* _Dataset extract_:
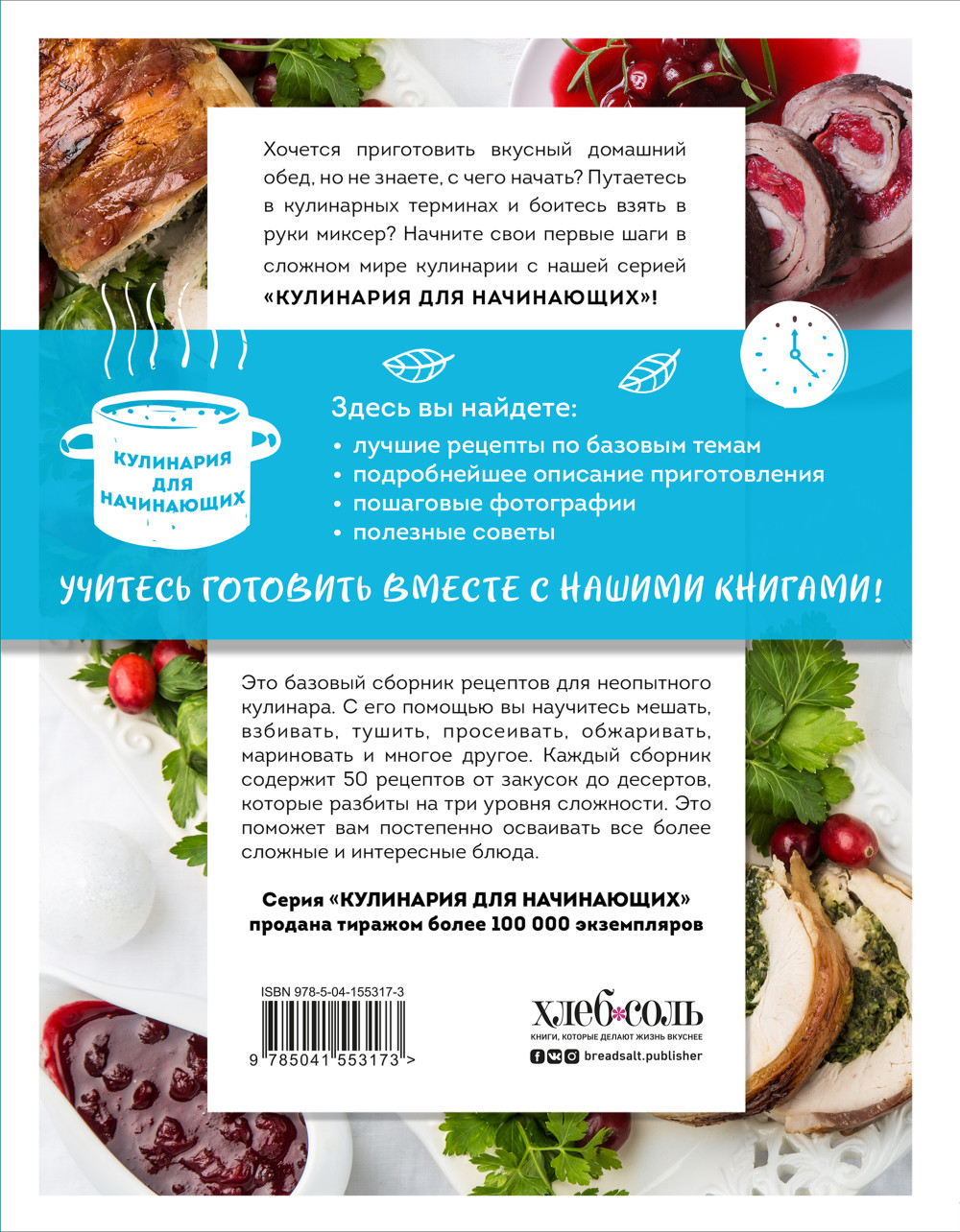 Учимся готовить праздничные блюда за 30 минут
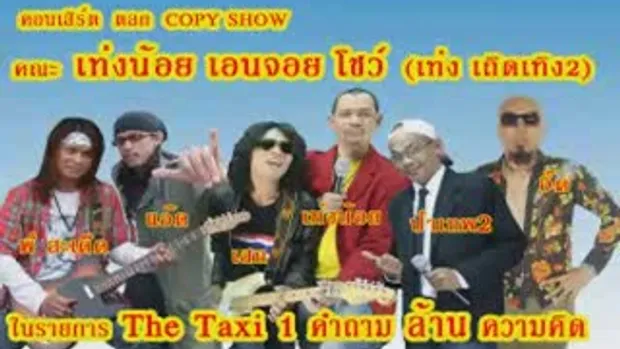 copy show ตลก ก๊อบปี้โชว์ เท่งน้อย เอนจอย โชว์(เท่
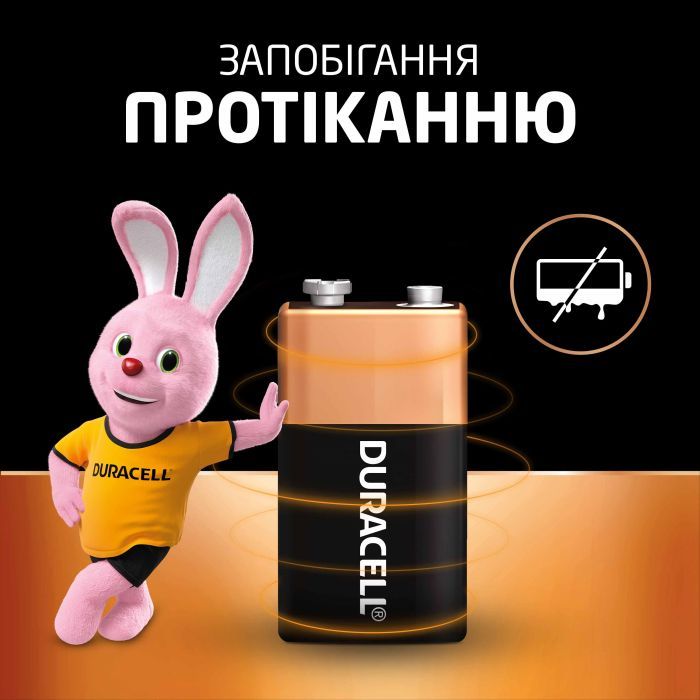 Батарейка Duracell 9V щелочная 1шт. в упаковке (5000394066267 / 81483681) изображение 6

* _Work to complete_:
Give the data above again, exactly and completely. No pictures go in.

* _Output for this task_:
 Учимся готовить праздничные блюда за 30 минут
 copy show ตลก ก๊อบปี้โชว์ เท่งน้อย เอนจอย โชว์(เท่
 Батарейка Duracell 9V щелочная 1шт. в упаковке (5000394066267 / 81483681) изображение 6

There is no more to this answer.